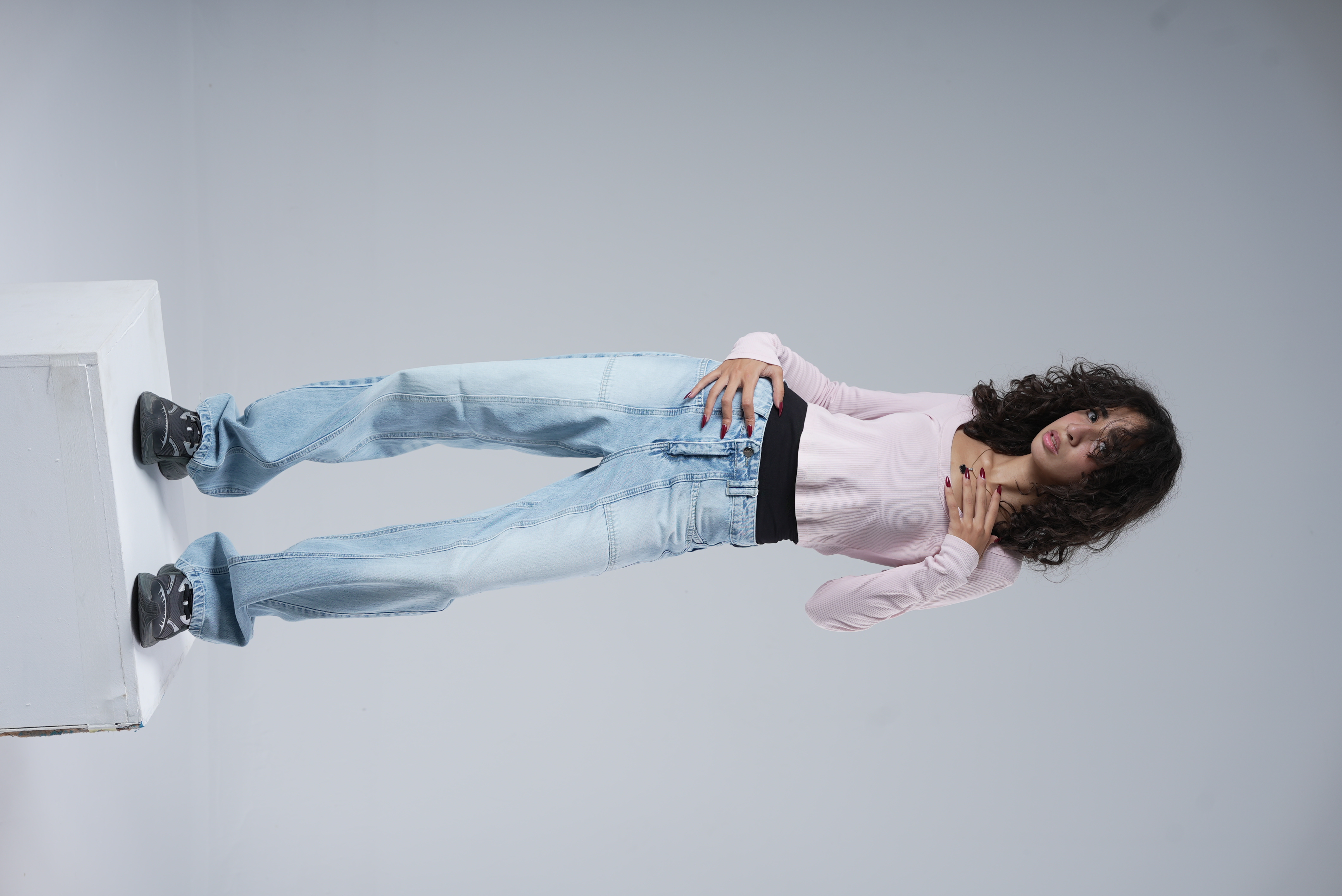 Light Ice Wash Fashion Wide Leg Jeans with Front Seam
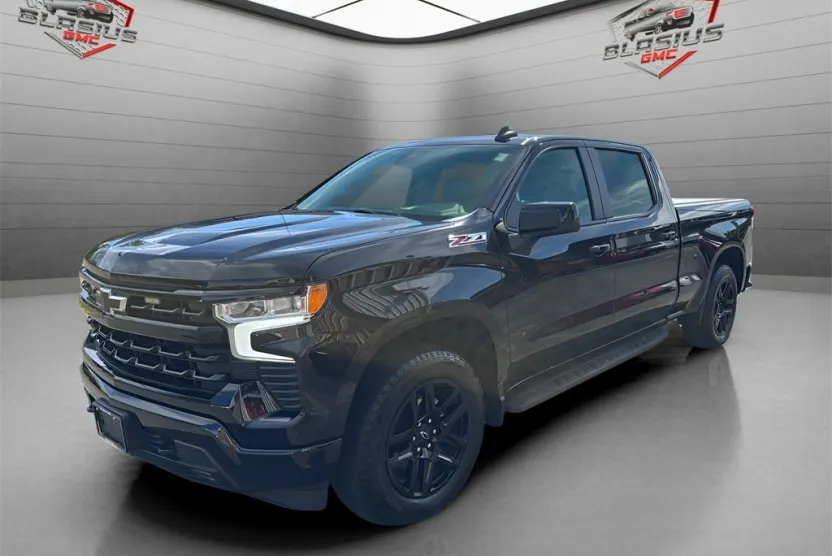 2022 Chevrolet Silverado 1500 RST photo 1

──────────────────────────────

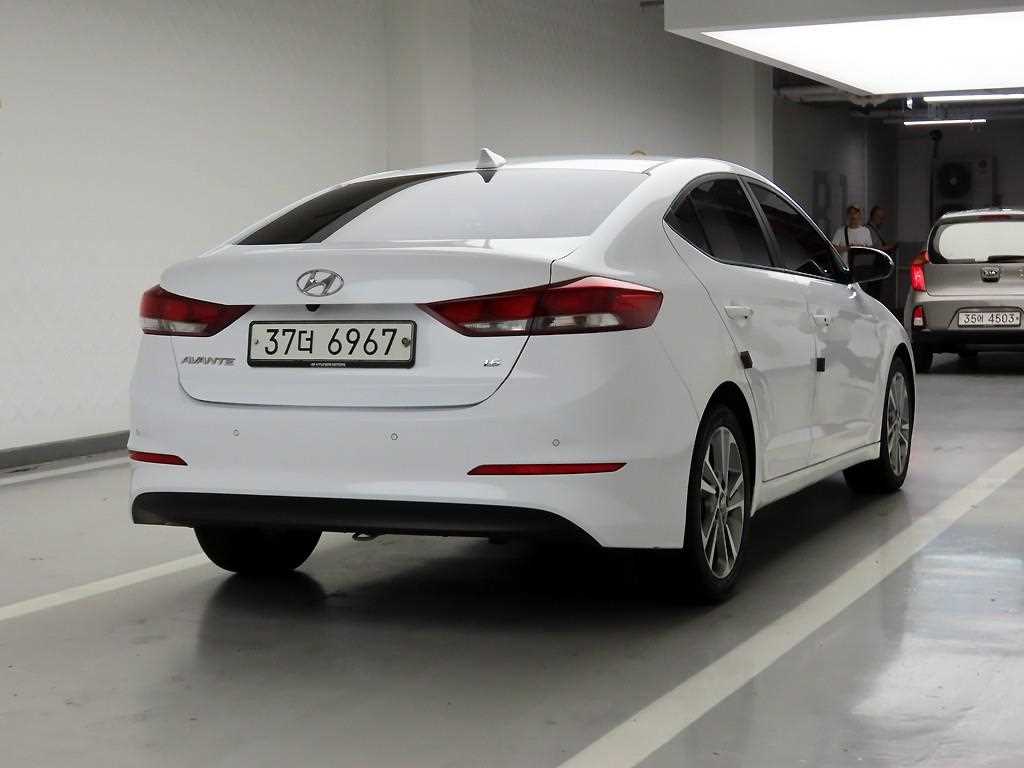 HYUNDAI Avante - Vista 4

──────────────────────────────

• **What to work on**:
I would like the exact lines from the data above, starting with the one that holds "Light Ice Wash" and going on through the one that holds "2022 Chevrolet Silverado 1500 RST photo 1", without the pictures.

• **Task solution**:
 Light Ice Wash Fashion Wide Leg Jeans with Front Seam
 2022 Chevrolet Silverado 1500 RST photo 1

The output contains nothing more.